# [INFORMATION PROVIDED]
**********

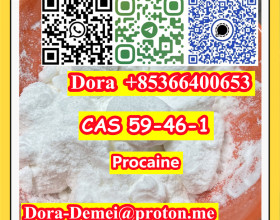 Procaine，CAS 59-46-1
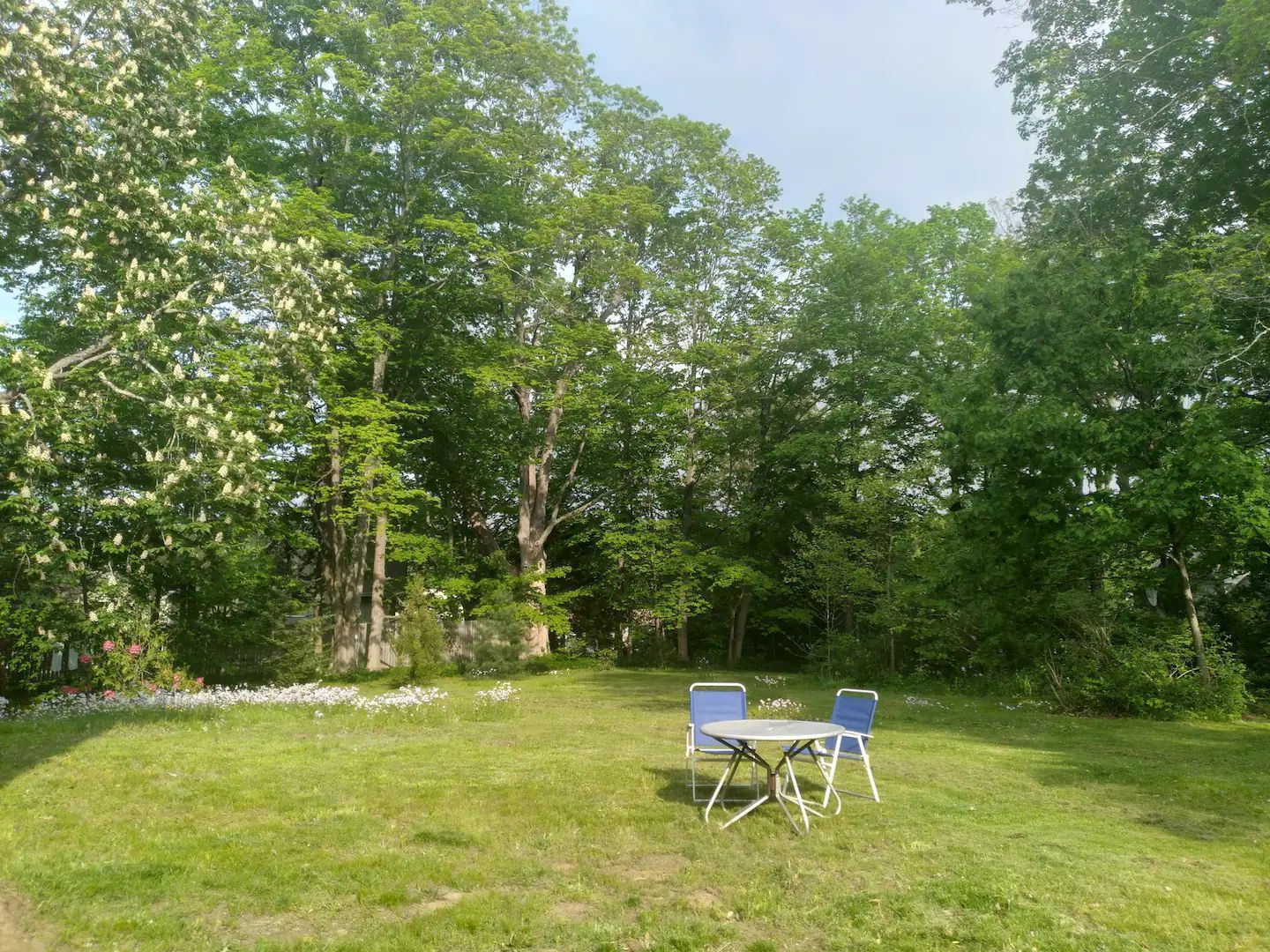 A table and chairs are in the middle of a grassy field surrounded by trees.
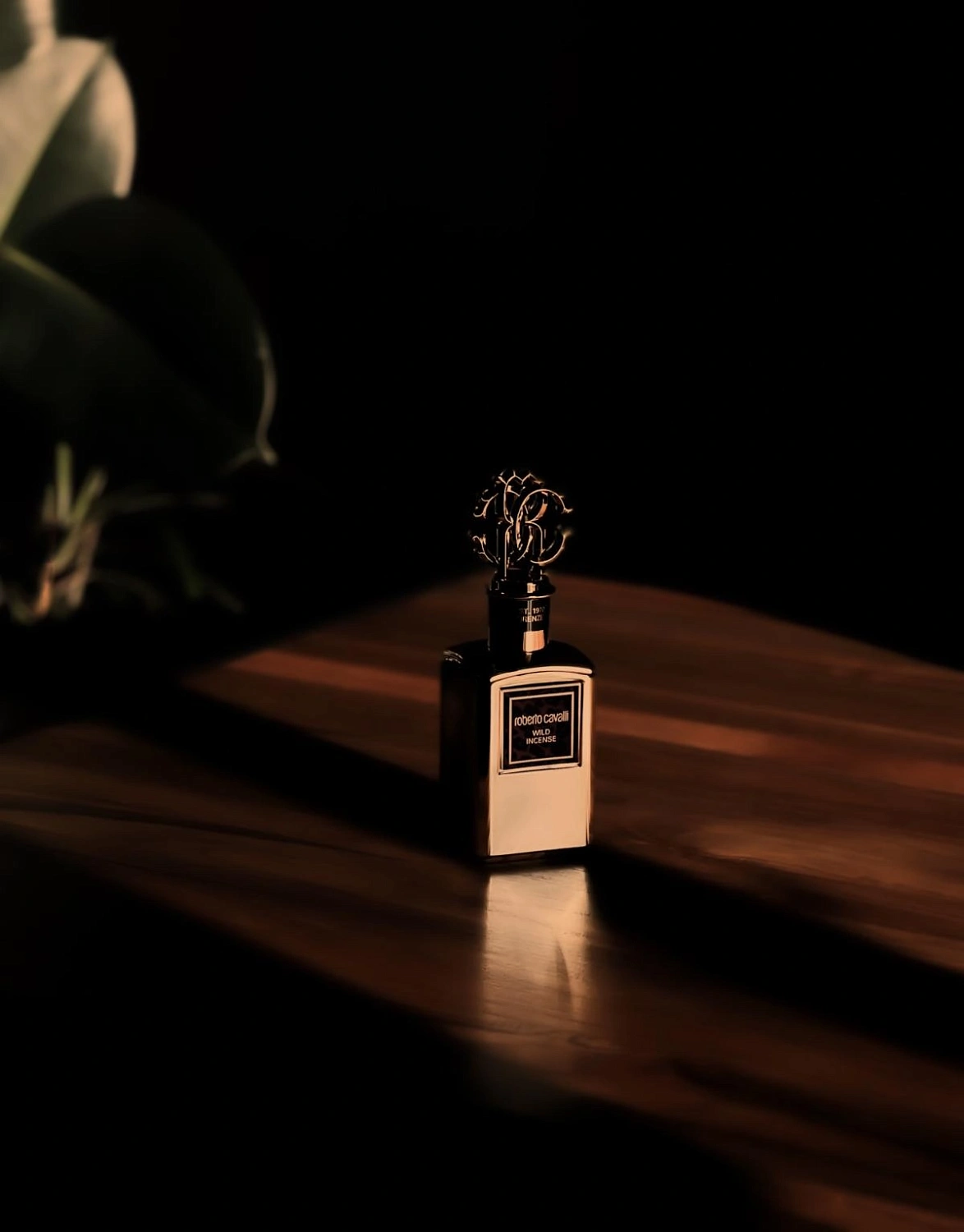 Roberto Cavalli Wild Incense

**********

# [ABOUT THIS EXERCISE]
Before handing back the copy, remove the pictures; otherwise print the data exactly.

# [RESULT OF THIS EXERCISE]
 Procaine，CAS 59-46-1
 A table and chairs are in the middle of a grassy field surrounded by trees.
 Roberto Cavalli Wild Incense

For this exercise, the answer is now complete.